Sem inocentes, é certo, entre esquerda e direita, há no entanto diferenças marcantes. Em Portugal a direita orienta-se exclusivamente pela economia, por números, pelos mercados (materialismo e irracionalidade) e a esquerda sendo por tradição mais humanista tem pecado por falta de seriedade dos seus mentores, mas tem ideologias.

Tanto de um lado como de outro o problema maior são os homens. Se a seguir ao 25 de Abril um primo meu, oficial superior do Estado Novo me chocou quando, em conversa com meu pai (homem de esquerda) lhe confidenciou ter pedido a passagem à reserva "por não estar disposto a colaborar com canalha", hoje já não me choca que o General Garcia dos Santos (um militar de Abril) tenha dito praticamente o mesmo: "os políticos que governam actualmente Portugal são uns garotos, ignorantes, sem experiência". 

Curiosamente, ambos estavam (e estão) cheios de razão. Em Portugal, os excessos degradam tudo, até os ideais.
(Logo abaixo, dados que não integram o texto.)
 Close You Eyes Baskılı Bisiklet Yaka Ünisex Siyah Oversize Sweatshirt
Mário Soares, que lutou clandestinamente pela Democracia, não foi capaz de a gerir a contento porque não percebeu que até a liberdade não pode funcionar sem regras. Soares desautorizou demasiado a democracia e hoje é tarde para se queixar daquilo que afinal também semeou, e lamentavelmente agora poucos o levam a sério.  Há uma tradição laxista e de falta de carácter instalada na sociedada portuguesa. Invertê-la vai ser tremendamente difícil e vai demorar décadas. Pobre futuro, o do nosso país.
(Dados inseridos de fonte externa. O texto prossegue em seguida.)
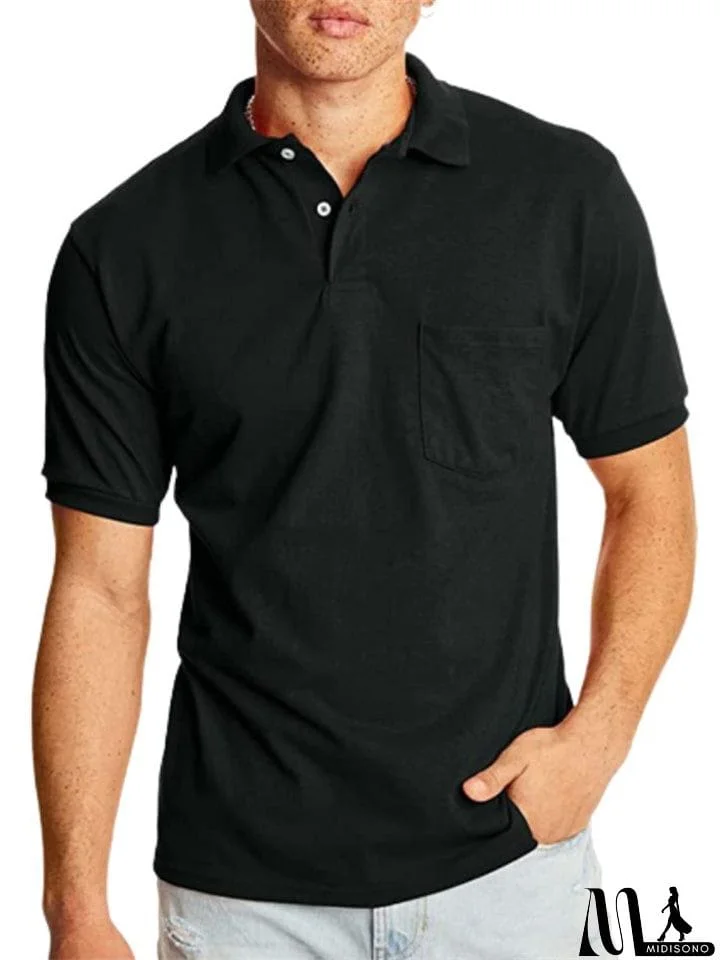 Men's Relaxed Solid Color Short-sleeved Polo Shirt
Quando um povo, zangado embora, aparentemente indignado, aceita calmamente que lhe vão ao bolso, que o roubem, só porque um grupo de miúdos no Poder lhe disse que andou a viver acima das suas possibilidades e que tem de pagar uma dívida, sem exigir que lhe expliquem seriamente por quê, onde, como, e quando a contraiu, é porque não merece melhores políticos. Quando se aceita por demasiado tempo, e pacificamente, uma governação medíocre e incompetente como a que temos, é sinal que também somos algo medíocres e incompetentes. Se o nosso povo aprecia o chico-espertismo é porque não é muito diferente de quem o anda agora a assaltar. Por isso - como dizem os franceses -, demerdez vous maintenant!

PS-Até o nosso amigo Manuel Serrão pensa que o 25 de Abril é património cobiçado entre a esquerda e a direita. Não, não é propriedade de ninguém. É sim, e justamente, da responsabilidade única dos militares de Abril. O resto é oportunismo. Se eles quisessem ser seus proprietários nunca teriam devolvido o poder à sociedade civil, e só por isso lhes devemos gratidão. Se os políticos destruíram o país, e a Democracia, a culpa não é deles.